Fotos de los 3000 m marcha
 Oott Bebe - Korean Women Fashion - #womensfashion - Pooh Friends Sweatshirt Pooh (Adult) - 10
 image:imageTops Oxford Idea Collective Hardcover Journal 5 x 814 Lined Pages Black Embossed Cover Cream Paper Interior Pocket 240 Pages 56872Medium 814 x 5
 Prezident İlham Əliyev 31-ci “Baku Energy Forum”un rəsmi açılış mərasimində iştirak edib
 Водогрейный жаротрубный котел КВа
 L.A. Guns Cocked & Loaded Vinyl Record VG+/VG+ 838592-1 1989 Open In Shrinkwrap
________________
*Exercise aim*
Would you copy out all the entries above without changing a single character?

*Solved exercise*
Fotos de los 3000 m marcha
 Oott Bebe - Korean Women Fashion - #womensfashion - Pooh Friends Sweatshirt Pooh (Adult) - 10
 image:imageTops Oxford Idea Collective Hardcover Journal 5 x 814 Lined Pages Black Embossed Cover Cream Paper Interior Pocket 240 Pages 56872Medium 814 x 5
 Prezident İlham Əliyev 31-ci “Baku Energy Forum”un rəsmi açılış mərasimində iştirak edib
 Водогрейный жаротрубный котел КВа
 L.A. Guns Cocked & Loaded Vinyl Record VG+/VG+ 838592-1 1989 Open In Shrinkwrap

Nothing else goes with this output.